Basis-set correction based on density-functional theory: Rigorous framework for a one-dimensional model

TL;DR

This paper revisits a basis-set correction method based on density-functional theory, applying it to a one-dimensional model to improve the understanding and development of basis-set corrections for wave-function calculations.

Contribution

It introduces a new variant of basis-set correction suited for developing an adapted local-density approximation, enhancing the theoretical foundation of the approach.

Findings

Mathematical details of the basis-set correction theory are provided.

A new local-density approximation for the correction functional is proposed.

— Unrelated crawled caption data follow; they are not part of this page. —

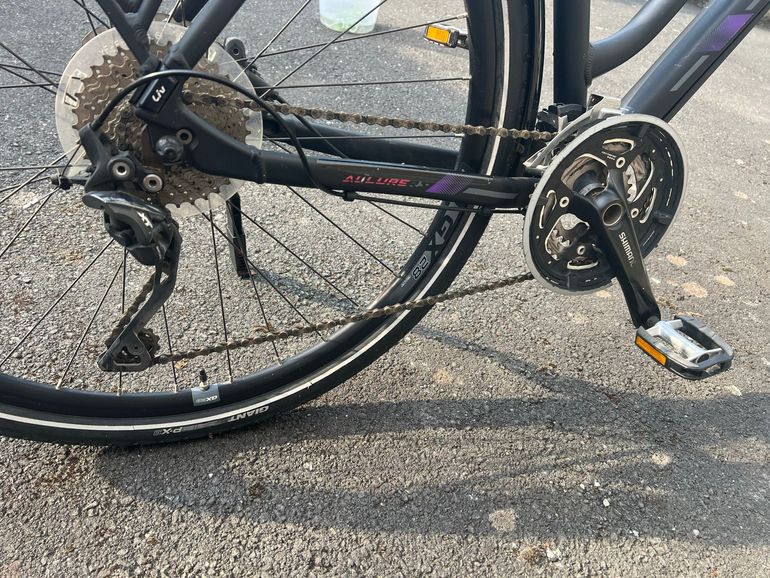 Used Liv Custom Shimano Deore Urban, Black — image 9 of 27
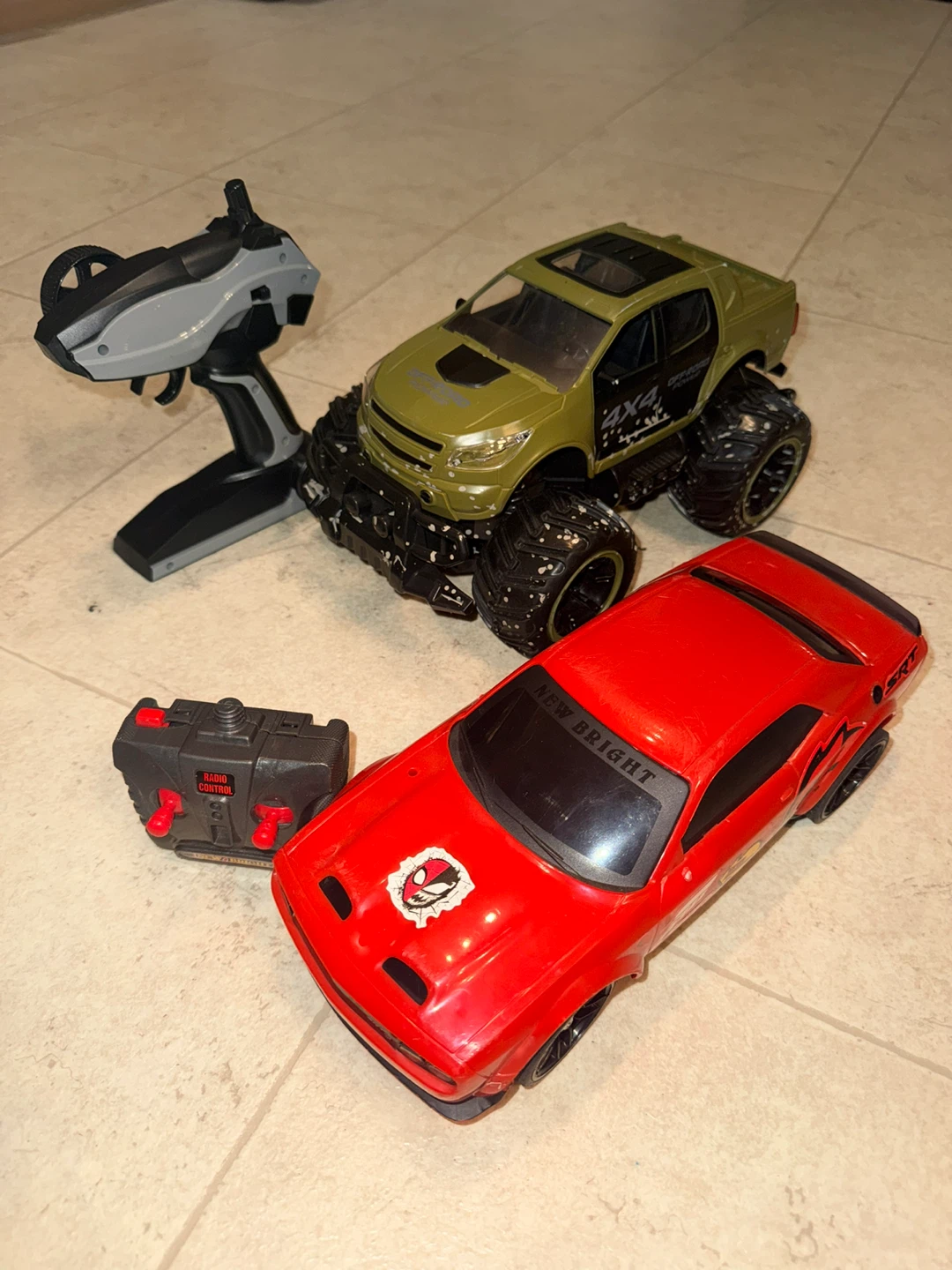 2 WORKING RC TRUCK AND CAR W/ 12 BATTERIES AND 2 CHARGERS - photo 2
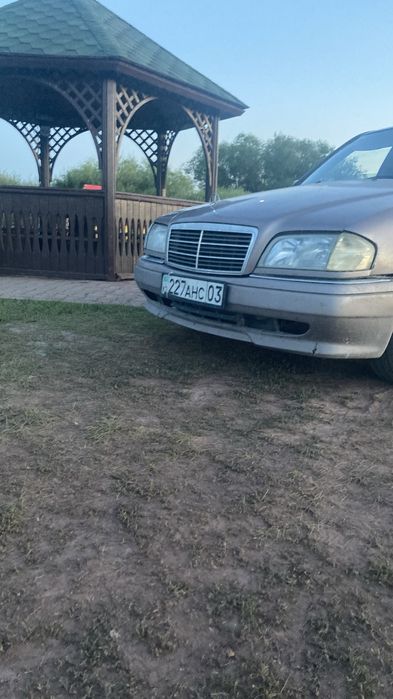 Продам Мерседес 202 2.8 обьем с класс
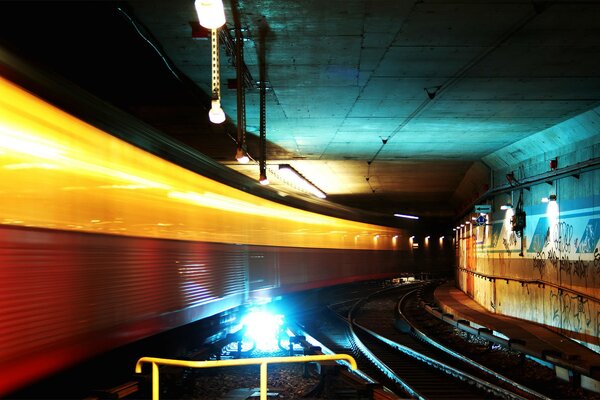 Túnel del metro en las luces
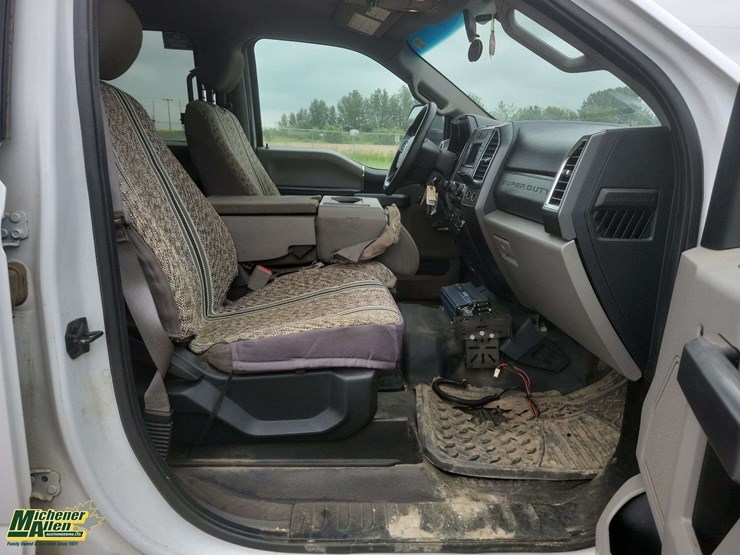 2018-ford-550-image-15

The approach is validated on a one-dimensional model with delta-potential interactions.

Abstract

We reexamine the recently introduced basis-set correction theory based on density-functional theory consisting in correcting the basis-set incompleteness error of wave-function methods using a density functional. We use a one-dimensional model Hamiltonian with delta-potential interactions which has the advantage of making easier to perform a more systematic analysis than for three-dimensional Coulombic systems while keeping the essence of the slow basis convergence problem of wave-function methods. We provide some mathematical details about the theory and propose a new variant of basis-set correction which has the advantage of being suited to the development of an adapted local-density approximation. We show indeed how to develop a local-density approximation for the basis-set correction functional which is automatically adapted to the basis set employed, without resorting to range-separated density-functional theory as in previous works, but using instead a finite uniform electron gas whose electron-electron interaction is projected on the basis set. The work puts the basis-set correction theory on firmer grounds and provides an interesting strategy for the improvement of this approach.